Dabei war Beitz alles andere als naiv, was „seine“ Deutschen anbelangt. Der „Schlachthof Boryslaw“ hatte Beitz für immer verändert, sein legendäres Misstrauen, das viele zu spüren bekamen, hatte hier seinen Ursprung. „Ich kenne die Deutschen“, sagte Beitz seinem Biografen Joachim Käppner einmal in einer bitteren Minute, „wenn man fest, klar und bestimmt auftritt, respektieren sie einen. Wenn man weich ist und verzweifelt, bringen sie einen um.“ Nur mit diesem demonstrativem Selbstbewusstsein habe er es geschafft, die SS-Männer zu beeindrucken und zu düpieren und Menschen zu retten.

Und es stimmt auch, dass sich Beitz von betont konservativen Wirtschaftsführern fernhielt, ihre altväterlichen Rituale ebenso verachtete wie die Neigung, ihre eigene und die Vergangenheit des Landes zu verklären.

Alfried Krupp allerdings gehörte gerade nicht zu diesem Typus, was es Beitz leicht machte, ihn zeitlebens zu verehren.

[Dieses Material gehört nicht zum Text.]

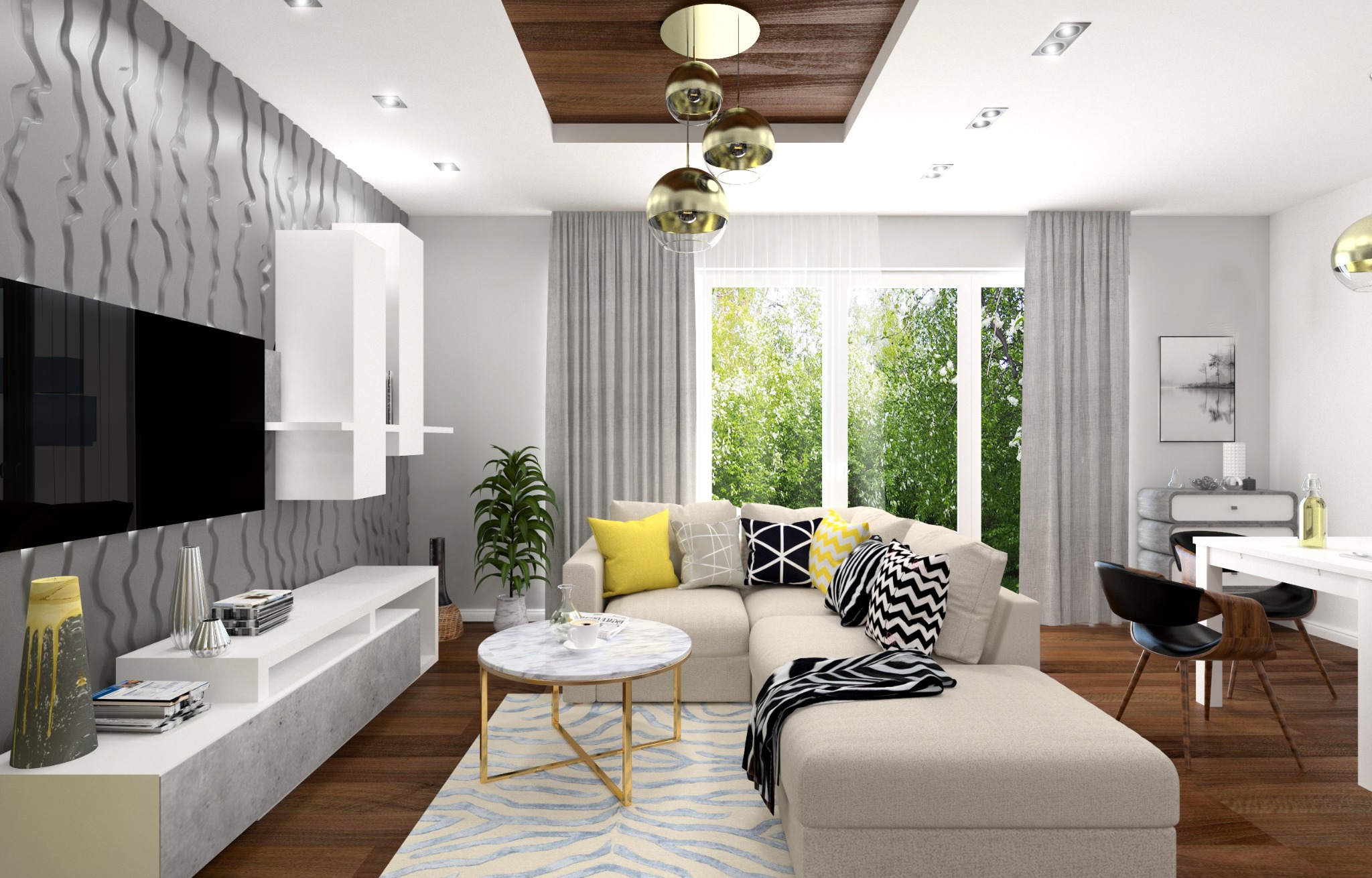 projekt salonu, aranżacja salonu, projekty salonu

Beitz erkannte an, dass Alfried Krupp aus seiner Biografie und Familienverpflichtung heraus ein Päckchen zu tragen hatte, das dieser nicht einfach abwerfen konnte.

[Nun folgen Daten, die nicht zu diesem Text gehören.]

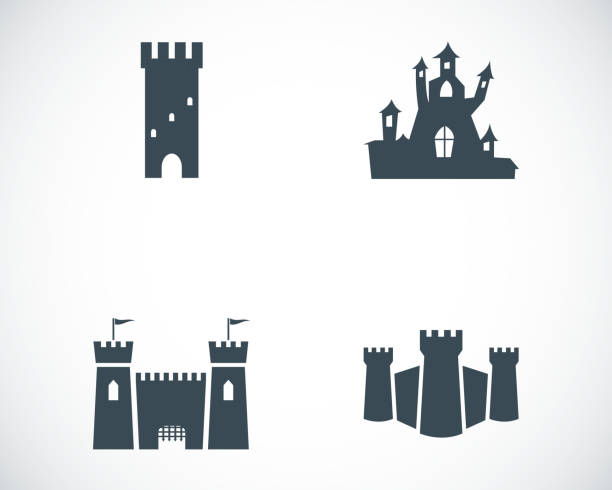 stockillustraties, clipart, cartoons en iconen met vector black castle icons set - fortress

Viele wichtige Facetten von Beitz sind im Film unterbelichtet

Zu selten kommt in diesem Film der Beitz vor, wie ihn viele kennen, die ihm begegnet sind: der selbstbewusste Macher, der ruppige Machtmensch, der charmante Grandseigneur und – bis ins höhere Alter – der strahlende Sonnyboy. Hin und wieder blitzt davon etwas auf, etwa wenn Beitz erst Farah Pahlavi und dann ihren Mann, den Schah von Persien umgarnt, auf dass dieser Krupp dringend benötigtes Kapital im Tausch gegen eine Firmenbeteiligung zukommen lässt; oder wenn Beitz seine Gattin Else auf Sylt spontan zum Tänzchen auffordert.

Zumeist aber stolpert der Film-Beitz ziemlich bedröppelt durchs Leben. Um es sinngemäß mit WDR-Mann Schönenborn zu sagen: einen Beitz, den es so noch nicht gibt.